*** Begin section ***

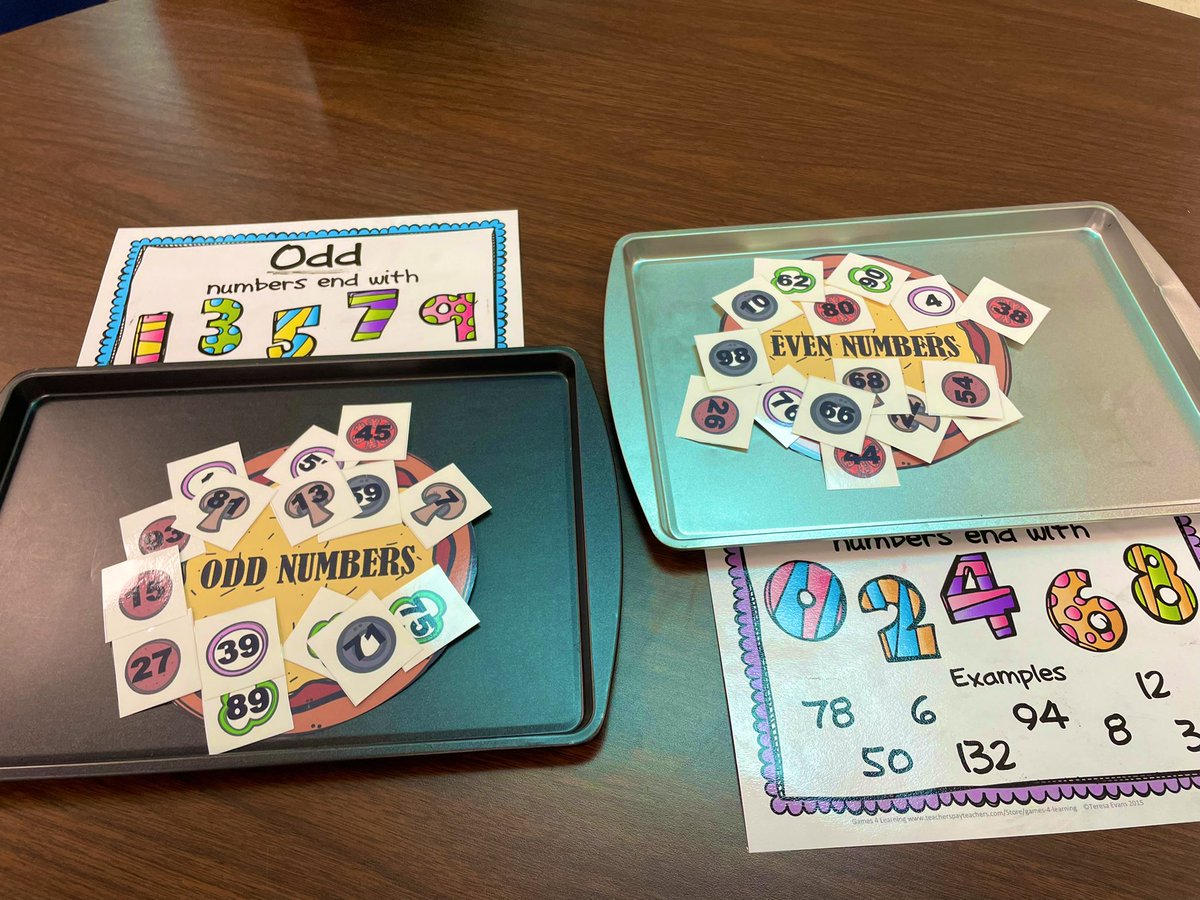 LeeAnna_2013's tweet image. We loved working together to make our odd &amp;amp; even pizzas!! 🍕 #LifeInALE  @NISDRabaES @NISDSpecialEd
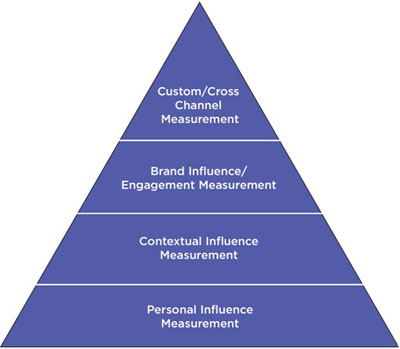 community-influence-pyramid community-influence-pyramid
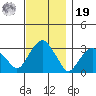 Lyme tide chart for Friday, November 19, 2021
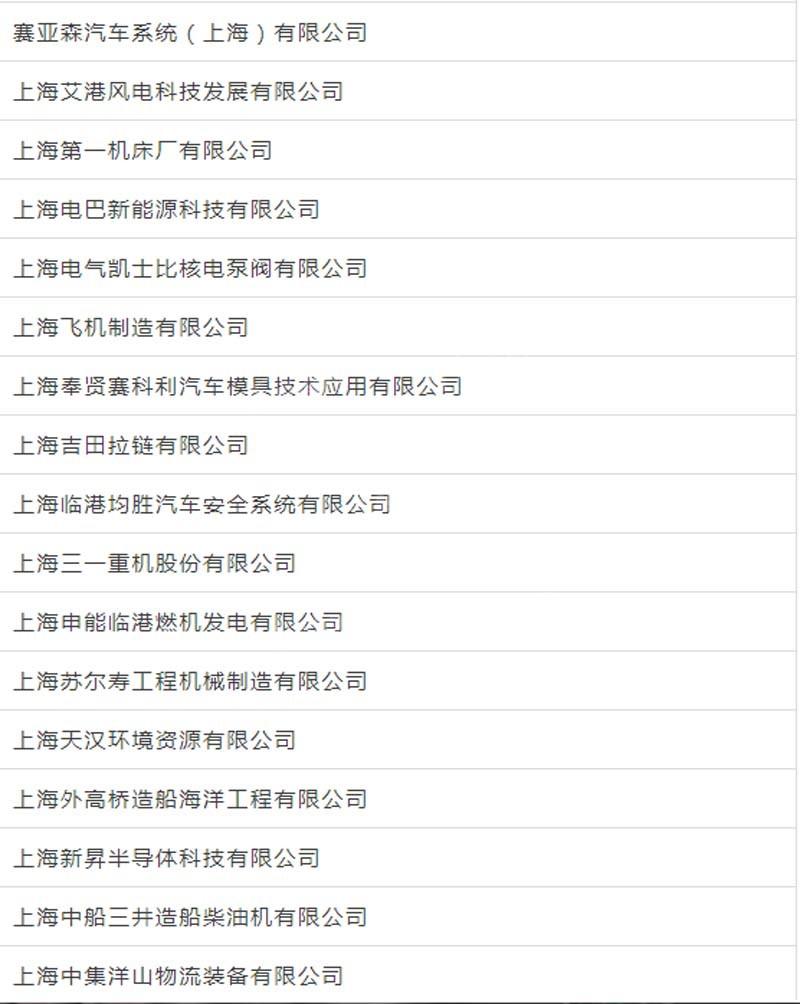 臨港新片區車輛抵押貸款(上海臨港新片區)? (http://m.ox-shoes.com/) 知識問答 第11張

*** End section ***

Line by line, return the listing above exactly, dropping every picture.

 LeeAnna_2013's tweet image. We loved working together to make our odd &amp;amp; even pizzas!! 🍕 #LifeInALE  @NISDRabaES @NISDSpecialEd
 community-influence-pyramid community-influence-pyramid
 Lyme tide chart for Friday, November 19, 2021
 臨港新片區車輛抵押貸款(上海臨港新片區)? (http://m.ox-shoes.com/) 知識問答 第11張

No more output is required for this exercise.